- Directed by: Hans Deppe
- Written by: Bobby E. Lüthge;
- Based on: Schwarzwaldmädel by August Neidhart
- Produced by: Kurt Ulrich
- Starring: Paul Hörbiger; Sonja Ziemann; Rudolf Prack;
- Cinematography: Kurt Schulz
- Edited by: Margarete Steinborn
- Music by: Frank Fox [de]; Leon Jessel;
- Production company: Berolina Film
- Distributed by: Herzog Film
- Release date: 7 September 1950;
- Running time: 100 minutes
- Country: West Germany
- Language: German
- Box office: 5.6 million DM

= Schwarzwaldmädel (1950 film) =

1950 West German film

Schwarzwaldmädel (Black Forest Girl) is a 1950 West German drama film directed by Hans Deppe and starring Paul Hörbiger, Sonja Ziemann, and Rudolf Prack. It is based on the 1917 operetta of the same title by Leon Jessel and August Neidhart. The film was a huge commercial success, both the biggest hit that year and the most popular film since the war. Within two years fourteen million tickets were sold in West Germany, and on the strength of it Sonja Ziemann and Rudolf Prack topped the popularity charts and received Bambi awards.

The film's success revived the popularity of Heimatfilm, which came to dominate the German box office over the coming decade.

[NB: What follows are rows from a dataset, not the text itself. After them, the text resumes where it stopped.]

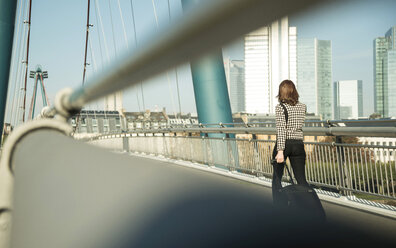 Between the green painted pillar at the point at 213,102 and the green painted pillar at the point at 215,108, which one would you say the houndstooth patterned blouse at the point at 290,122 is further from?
the green painted pillar at the point at 213,102

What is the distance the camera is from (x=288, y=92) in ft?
15.5

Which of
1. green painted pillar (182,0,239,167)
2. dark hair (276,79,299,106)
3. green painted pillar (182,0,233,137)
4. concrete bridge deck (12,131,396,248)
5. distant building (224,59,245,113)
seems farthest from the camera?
green painted pillar (182,0,233,137)

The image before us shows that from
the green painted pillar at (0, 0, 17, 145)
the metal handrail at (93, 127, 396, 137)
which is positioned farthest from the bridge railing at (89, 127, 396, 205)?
the green painted pillar at (0, 0, 17, 145)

Incidentally, this production holds fame as being the world's first film to have been projected by the light of the then new Xenon short arc lamps. This set the standard for things to come, and decades later these impressive light sources continue to dominate cinematic projections around the world.

==Production==
Schwarzwaldmädel was made at the Tempelhof Studios in Berlin while location shooting took place in the Black Forest. The film's sets were designed by the art director Gabriel Pellon. Shot in Agfacolor, it was the first colour film to be shot in western Germany since the Second World War. An East German production Heart of Stone was also made in colour the same year.